Real estate developer David Miller never pretended to be someone else when he used the names of fellow investors on a document he provided to a bank to secure a $337,500 personal loan.

Even so, in 2012 federal prosecutors in Tennessee charged Miller with making a false statement to a bank and, on top of that, aggravated identity theft. The alleged crime: using the names of other investors on the resolution he presented to the bank.

Miller was convicted at trial and sentenced to nearly four years in prison—including a mandatory-minimum two years on the identity-theft counts.
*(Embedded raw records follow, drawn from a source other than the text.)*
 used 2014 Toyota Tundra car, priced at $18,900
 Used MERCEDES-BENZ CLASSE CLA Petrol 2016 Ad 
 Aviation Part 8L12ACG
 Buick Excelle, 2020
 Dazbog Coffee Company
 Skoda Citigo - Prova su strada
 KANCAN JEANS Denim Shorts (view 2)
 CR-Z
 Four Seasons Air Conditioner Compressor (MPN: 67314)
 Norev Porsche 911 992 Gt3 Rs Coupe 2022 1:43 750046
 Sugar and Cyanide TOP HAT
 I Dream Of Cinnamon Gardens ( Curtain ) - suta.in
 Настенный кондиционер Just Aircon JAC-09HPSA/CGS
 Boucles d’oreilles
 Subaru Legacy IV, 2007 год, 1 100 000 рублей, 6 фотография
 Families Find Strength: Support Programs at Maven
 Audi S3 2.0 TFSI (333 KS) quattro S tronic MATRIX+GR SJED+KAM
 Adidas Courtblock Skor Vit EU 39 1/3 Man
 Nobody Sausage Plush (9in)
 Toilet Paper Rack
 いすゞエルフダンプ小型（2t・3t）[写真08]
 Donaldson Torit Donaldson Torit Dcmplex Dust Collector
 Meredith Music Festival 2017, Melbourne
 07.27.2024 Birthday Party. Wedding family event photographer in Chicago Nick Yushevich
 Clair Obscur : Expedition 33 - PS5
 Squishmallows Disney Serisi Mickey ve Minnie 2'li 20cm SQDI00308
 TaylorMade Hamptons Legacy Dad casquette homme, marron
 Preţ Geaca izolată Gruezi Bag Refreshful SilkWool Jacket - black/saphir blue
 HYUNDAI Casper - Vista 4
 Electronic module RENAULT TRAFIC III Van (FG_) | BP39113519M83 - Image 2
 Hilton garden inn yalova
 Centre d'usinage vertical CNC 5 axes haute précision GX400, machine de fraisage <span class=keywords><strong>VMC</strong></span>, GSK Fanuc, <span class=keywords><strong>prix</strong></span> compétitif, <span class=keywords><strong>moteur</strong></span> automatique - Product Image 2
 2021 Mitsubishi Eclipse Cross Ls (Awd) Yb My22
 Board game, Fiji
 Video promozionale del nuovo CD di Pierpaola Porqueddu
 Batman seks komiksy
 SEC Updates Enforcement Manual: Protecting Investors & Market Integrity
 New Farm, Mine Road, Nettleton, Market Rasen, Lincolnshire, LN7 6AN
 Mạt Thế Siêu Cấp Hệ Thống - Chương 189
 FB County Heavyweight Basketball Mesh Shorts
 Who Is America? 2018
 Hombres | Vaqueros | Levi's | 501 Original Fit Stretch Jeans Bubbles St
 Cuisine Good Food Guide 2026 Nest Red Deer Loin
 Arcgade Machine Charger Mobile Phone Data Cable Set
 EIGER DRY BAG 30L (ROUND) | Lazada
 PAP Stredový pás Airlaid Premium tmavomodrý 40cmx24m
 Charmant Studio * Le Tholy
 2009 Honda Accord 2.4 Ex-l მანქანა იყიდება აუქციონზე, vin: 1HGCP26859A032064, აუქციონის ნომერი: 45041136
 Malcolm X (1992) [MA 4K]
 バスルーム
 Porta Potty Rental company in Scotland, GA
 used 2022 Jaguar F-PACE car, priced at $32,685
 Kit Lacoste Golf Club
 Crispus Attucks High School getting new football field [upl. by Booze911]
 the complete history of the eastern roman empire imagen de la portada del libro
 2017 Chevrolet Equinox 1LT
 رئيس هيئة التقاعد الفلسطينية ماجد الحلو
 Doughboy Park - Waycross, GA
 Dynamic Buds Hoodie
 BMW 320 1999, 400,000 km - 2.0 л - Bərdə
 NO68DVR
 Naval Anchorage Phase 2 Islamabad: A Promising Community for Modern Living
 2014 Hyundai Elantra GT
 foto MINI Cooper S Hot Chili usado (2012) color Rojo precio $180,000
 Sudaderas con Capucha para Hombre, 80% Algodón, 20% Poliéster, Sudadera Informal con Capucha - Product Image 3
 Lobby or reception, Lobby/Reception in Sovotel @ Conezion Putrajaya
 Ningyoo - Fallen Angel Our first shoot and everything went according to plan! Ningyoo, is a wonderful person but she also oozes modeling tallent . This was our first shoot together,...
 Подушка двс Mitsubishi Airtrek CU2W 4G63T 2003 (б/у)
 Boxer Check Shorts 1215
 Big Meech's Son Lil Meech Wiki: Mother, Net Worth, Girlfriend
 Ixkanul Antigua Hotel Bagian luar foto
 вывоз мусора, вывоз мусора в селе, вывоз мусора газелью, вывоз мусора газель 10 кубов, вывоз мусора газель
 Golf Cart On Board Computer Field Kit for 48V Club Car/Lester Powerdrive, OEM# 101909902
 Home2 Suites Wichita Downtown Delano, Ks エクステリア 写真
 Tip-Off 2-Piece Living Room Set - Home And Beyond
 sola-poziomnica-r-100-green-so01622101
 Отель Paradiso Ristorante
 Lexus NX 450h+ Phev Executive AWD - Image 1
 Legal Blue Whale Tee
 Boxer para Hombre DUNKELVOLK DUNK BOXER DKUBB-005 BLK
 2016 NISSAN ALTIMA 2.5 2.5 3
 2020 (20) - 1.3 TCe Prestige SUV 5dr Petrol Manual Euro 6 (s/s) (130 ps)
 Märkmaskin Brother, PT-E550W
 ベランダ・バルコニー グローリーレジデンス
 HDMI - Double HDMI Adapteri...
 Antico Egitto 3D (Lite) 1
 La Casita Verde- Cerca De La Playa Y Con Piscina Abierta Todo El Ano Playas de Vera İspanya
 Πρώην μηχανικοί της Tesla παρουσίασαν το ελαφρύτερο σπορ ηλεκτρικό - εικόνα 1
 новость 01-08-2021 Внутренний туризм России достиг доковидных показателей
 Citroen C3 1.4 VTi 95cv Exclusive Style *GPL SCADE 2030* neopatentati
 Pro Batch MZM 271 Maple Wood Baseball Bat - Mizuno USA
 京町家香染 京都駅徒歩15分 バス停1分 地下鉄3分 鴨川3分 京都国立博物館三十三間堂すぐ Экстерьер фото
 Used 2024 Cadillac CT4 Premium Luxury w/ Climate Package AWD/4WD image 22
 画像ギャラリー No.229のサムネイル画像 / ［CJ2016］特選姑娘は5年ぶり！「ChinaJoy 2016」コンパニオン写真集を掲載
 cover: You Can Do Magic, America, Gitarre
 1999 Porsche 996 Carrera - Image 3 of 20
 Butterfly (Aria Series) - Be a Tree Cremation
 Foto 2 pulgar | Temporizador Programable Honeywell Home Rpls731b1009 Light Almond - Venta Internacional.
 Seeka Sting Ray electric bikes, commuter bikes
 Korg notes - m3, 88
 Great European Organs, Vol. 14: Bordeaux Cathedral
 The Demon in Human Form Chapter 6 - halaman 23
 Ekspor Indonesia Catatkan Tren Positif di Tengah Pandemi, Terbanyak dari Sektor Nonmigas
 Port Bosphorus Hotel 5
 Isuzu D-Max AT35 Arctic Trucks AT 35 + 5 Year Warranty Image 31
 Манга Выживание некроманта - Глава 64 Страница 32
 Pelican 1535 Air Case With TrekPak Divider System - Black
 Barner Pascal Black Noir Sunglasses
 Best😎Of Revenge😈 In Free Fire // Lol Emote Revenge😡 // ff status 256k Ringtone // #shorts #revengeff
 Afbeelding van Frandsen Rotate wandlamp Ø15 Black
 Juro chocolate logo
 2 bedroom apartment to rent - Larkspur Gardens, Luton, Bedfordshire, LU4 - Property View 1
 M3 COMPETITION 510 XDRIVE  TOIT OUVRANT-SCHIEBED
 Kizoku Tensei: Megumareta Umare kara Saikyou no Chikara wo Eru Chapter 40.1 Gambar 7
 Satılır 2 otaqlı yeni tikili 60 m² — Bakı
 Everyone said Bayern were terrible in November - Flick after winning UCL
He challenged the convictions, setting up a first-impression test case in the U.S. Court of Appeals for the Sixth Circuit.

A three-judge panel on Wednesday unanimously wiped out the identity theft convictions, concluding that the law, on the books since 2004, is ambiguous when it comes to the meaning of “uses.” The ruling narrows the scope of the federal aggravated identity theft law—at least in Michigan, Ohio, Tennessee and Kentucky, the states that make up the Sixth Circuit.

Miller was charged under a federal statute that says it’s a crime to transfer, possess or use the identification of a person to advance another crime. In the case against Miller, for instance, prosecutors tacked on the identity theft charge to a false-statements count.

On the bank document, Miller used the names of investors—two are identified in court papers—and indicated that the group had agreed to put up a piece of property as collateral for a personal loan for his company. The investors had made no such agreement, prosecutors said. Miller, the government said, lied to the bank when he said the investors met and voted to allow Miller to pledge the property.

“Unfortunately, there is nothing in the legislative history to indicate conclusively that Congress intended [the aggravated identity theft law] to cover defendants falsely claiming that other individuals did things that they actually did not do,” Judge Richard Griffin wrote in the Sixth Circuit panel decision.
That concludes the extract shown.